Despite having released just two full-length albums, the history of Evocation stretches back to the early years of Gothenburg scene death metal. During their indefinite hiatus, an unsatisfactory state of affairs which lasted eight years from 1993 to 2001, the band seem to have buried their original songs in a time capsule, to be unearthed and faithfully restored at an opportune time in the future. And what better time to resurrect a genre once admired by all, than in a time when impostors have begun to lay claim to melodic death metal with sloppy parodies like Sonic Syndicate's "We Rule the Night" and Dead By April's self-titled debut. With its sights set on the origins of the genre, "Apocalyptic" aims to rectify this sad situation, and, in the process, pay tribute to the legends that helped shape it.

It should be no chore to guess from that introduction that "Apocalyptic" should sit well with fans of At the Gates, elder In Flames and Dark Tranquillity, and Unleashed. Despite the modern production, it retains the distortion, tremolo and endless repertoire of staccato riffs that has grown to be the signature of the genre, and comes across sounding like Gothenburg in the late 90s. Those fond of the glossier In Flames and Dark Tranquillity albums of recent years will likely find the perpetual darkness and howling despair of "Apocalyptic" off-putting, as it offers neither remorse nor memorabilia. What it does excel at, however, is in creating a sinister atmosphere bordering on the more commercial end of black metal.

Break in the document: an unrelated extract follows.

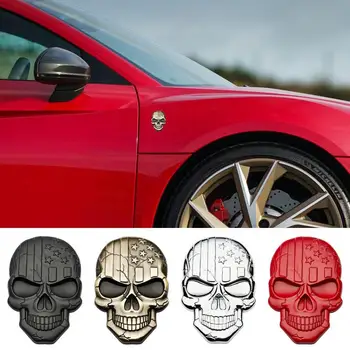 Automobilio 3D lipdukas Metalinis transporto priemonės ženklelis Amerikos vėliava Sunkiųjų automobilių lipdukai Universalus skeletas Automobilių logotipas Simbolis Automobilio priedai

Without instrumental introductions or swirling synth, Evocation are interested in bludgeoning the listener with unrepentant, solid, technical riffs and vicious, snarling vocals that sound like hell itself spat them out. The album is filled with hate and spleen-venting invective, but not without the necessary light and shade to relieve the totalitarian grind in more dynamic songs like "Parasites" and "Psychosis Warfare". But these moments are short-lived, and most of the album is so grueling and brutal that ultimately, through relentless repetition, the band's greatest asset - their unwillingness to compromise - becomes as suffocating as it is intriguing.

But ultimately, while Evocation are an unquestionably talented band, they fall short of the genre heavyweights because their ferocious approach sounds too much like a product of their influences, with identity forgotten. Those true to the original sound of Gothenburg metal can look forward to ten tracks jampacked with the best of the genre, while others looking for innovation akin to "Slaughter of the Soul" must continue to hold their breath for now. Keeping in mind that "Apocalyptic" is only the third album Evocation has composed though, and that they have tremendous experience to tap into, it should only be a matter of time before this most promising of bands writes a modern classic.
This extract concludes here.